Ankara and Tel Aviv signed a deal to normalize ties on June 28 after six years of strained relations, teh Hurriyet Daily News reports.
The director-general of Israel’s Foreign Ministry, Dore Gold, signed the deal in Tel Aviv private broadcaster CNN Türk has reported, while Turkish Foreign Ministry Undersecretary Feridun Sinirlioğlu signed the accord for the Turkish side in Ankara, according to state-run Anadolu Agency.
Turkish and Israeli prime ministers announced on June 27 that a deal to bring an end to the strained ties between the two countries had been reached and a deal would be signed on June 28.
Relations between Turkey and Israel had come to a halt after Israeli commandoes killed 10 Turkish pro-Palestinian activists on the Mavi Marmara aid flotilla in May 2010, as activists tried to breach an Israel’s Gaza blockade.
Attempts to mend ties were initiated in 2015 when delegations from two sides met for the first time. Negotiations were conducted throughout 2016 until June 26, when the two sides met in Rome to agree on the latest draft of the agreement.

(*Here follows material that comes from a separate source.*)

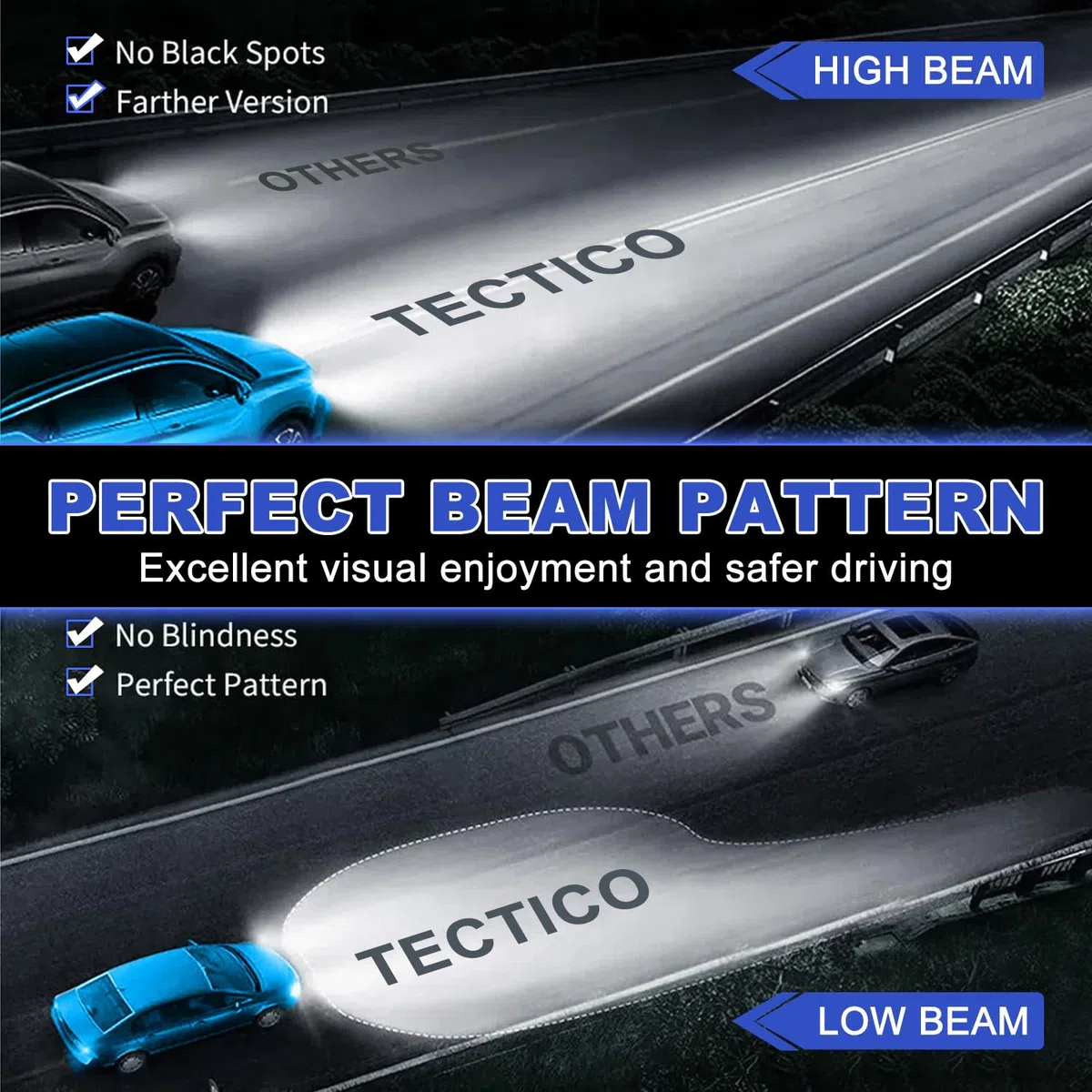 TECTICO D2S Lampadine LED per Fari Auto, 90W 12000LM 6000K Bianco Freddo, Abbaglianti/Anabbaglianti Plug and Play, Sostituzione Diretta OEM Xenon HID - 2 Lampade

According to the deal, Israel will pay $20 million in compensation to the relatives of the Mavi Marmara victims.
In exchange for the compensation, all claims against Israeli soldiers in Turkey will be dropped. As the deal will be an international agreement approved by the parliament, it will be positioned above domestic law and all charges against Israeli navy officers will need to be dropped.